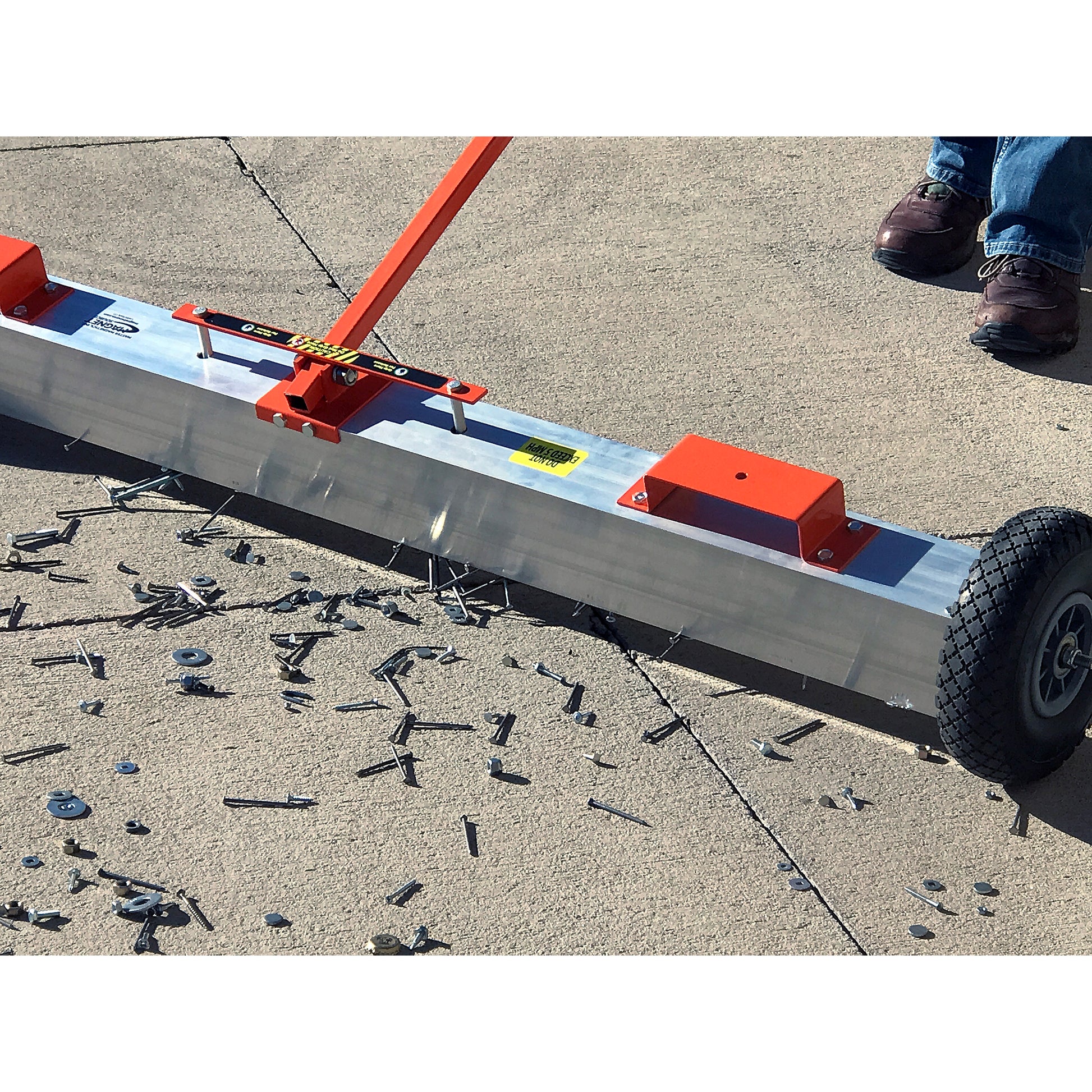 Load image into Gallery viewer, VSM-60 VersaSWEEP™ 4-in-1 Magnetic Sweeper with Quick Release - Closeup View of Sweeper Removing Debris from Sidewalk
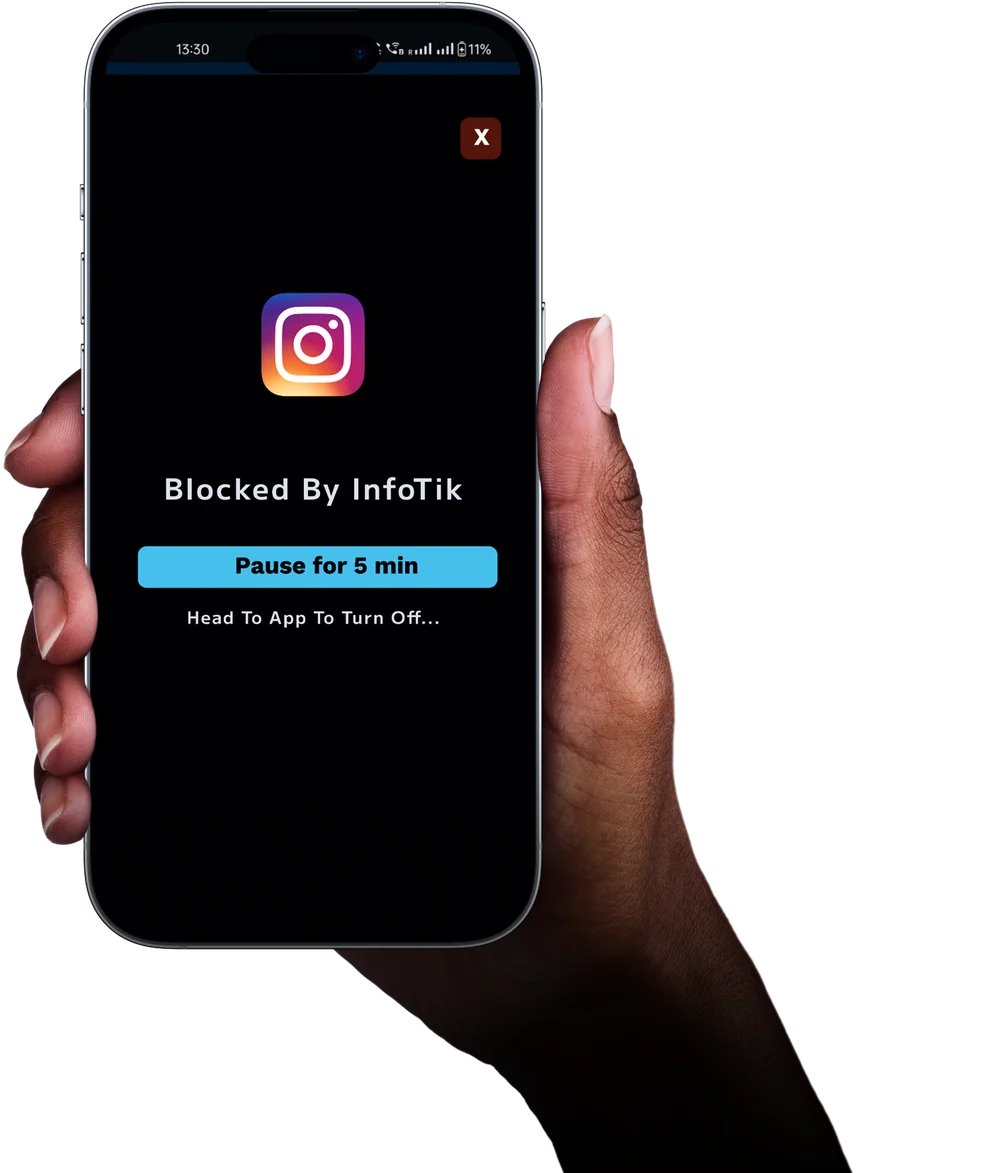 A hand holding a phone showing the 'Blocked by InfoTik' screen with a 'Pause for 5 min' button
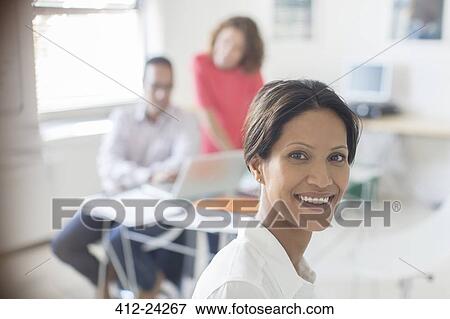 Portrait of smiling businesswoman in office, colleagues working in background View Large Photo Image Stock Photo - Portrait of smiling businesswoman in office, colleagues working in background. Fotosearch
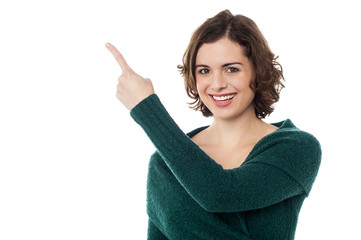 Charming woman pointing towards copy space area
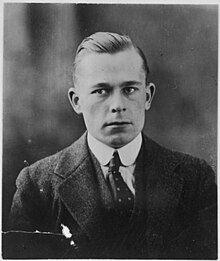 Photograph of a young man, his hair slicked and parted to the left, in a formal suit.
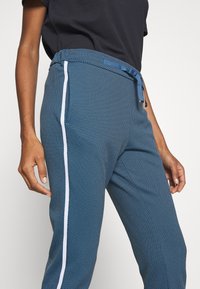 Osoba ubrana w niebieskie spodnie w wzory z białym paskiem po boku i niebieskim sznurkiem, w zestawieniu z czarną koszulą z krótkim rękawem.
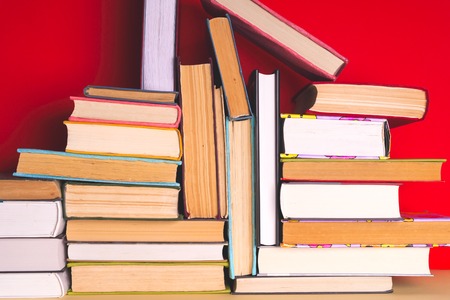 Open book, hardback books on bright colorful background.の写真素材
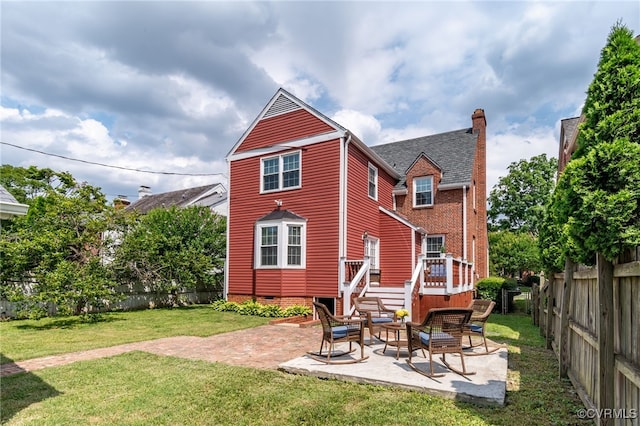 back of property with a lawn, a deck, and a patio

——

__Exercise brief__.
Exactly as written, give the entries above again, with no images.

__Task response__.
 Load image into Gallery viewer, VSM-60 VersaSWEEP™ 4-in-1 Magnetic Sweeper with Quick Release - Closeup View of Sweeper Removing Debris from Sidewalk
 A hand holding a phone showing the 'Blocked by InfoTik' screen with a 'Pause for 5 min' button
 Portrait of smiling businesswoman in office, colleagues working in background View Large Photo Image Stock Photo - Portrait of smiling businesswoman in office, colleagues working in background. Fotosearch
 Charming woman pointing towards copy space area
 Photograph of a young man, his hair slicked and parted to the left, in a formal suit.
 Osoba ubrana w niebieskie spodnie w wzory z białym paskiem po boku i niebieskim sznurkiem, w zestawieniu z czarną koszulą z krótkim rękawem.
 Open book, hardback books on bright colorful background.の写真素材
 back of property with a lawn, a deck, and a patio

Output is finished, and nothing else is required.